### Given information
= Beginning of Section =

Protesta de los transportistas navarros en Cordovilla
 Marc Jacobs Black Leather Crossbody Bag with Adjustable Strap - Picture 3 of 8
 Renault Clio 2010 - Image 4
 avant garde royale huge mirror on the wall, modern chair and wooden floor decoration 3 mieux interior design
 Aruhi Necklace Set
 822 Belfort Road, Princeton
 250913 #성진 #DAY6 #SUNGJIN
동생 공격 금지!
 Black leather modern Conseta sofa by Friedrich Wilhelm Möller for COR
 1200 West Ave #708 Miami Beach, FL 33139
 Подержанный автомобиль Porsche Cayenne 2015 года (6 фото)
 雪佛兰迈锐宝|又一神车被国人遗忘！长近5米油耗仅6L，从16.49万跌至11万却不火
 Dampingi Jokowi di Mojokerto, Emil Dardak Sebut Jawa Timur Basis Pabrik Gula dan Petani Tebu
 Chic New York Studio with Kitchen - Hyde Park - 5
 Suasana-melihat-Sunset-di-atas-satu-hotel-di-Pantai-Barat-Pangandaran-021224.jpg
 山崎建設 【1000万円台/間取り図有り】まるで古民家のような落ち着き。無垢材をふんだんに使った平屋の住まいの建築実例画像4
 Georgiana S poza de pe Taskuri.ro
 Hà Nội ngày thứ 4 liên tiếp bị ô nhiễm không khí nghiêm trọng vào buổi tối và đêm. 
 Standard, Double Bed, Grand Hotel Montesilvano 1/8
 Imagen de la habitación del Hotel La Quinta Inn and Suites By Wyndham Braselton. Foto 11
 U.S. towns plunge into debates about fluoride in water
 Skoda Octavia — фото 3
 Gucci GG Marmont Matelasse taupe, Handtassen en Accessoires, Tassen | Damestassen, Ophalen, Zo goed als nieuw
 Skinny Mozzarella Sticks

= End of Section =

### Exercise instructions
Could you tally how many lines of the material above include the word "Black" and reply with only that count?

### Solution to this problem
2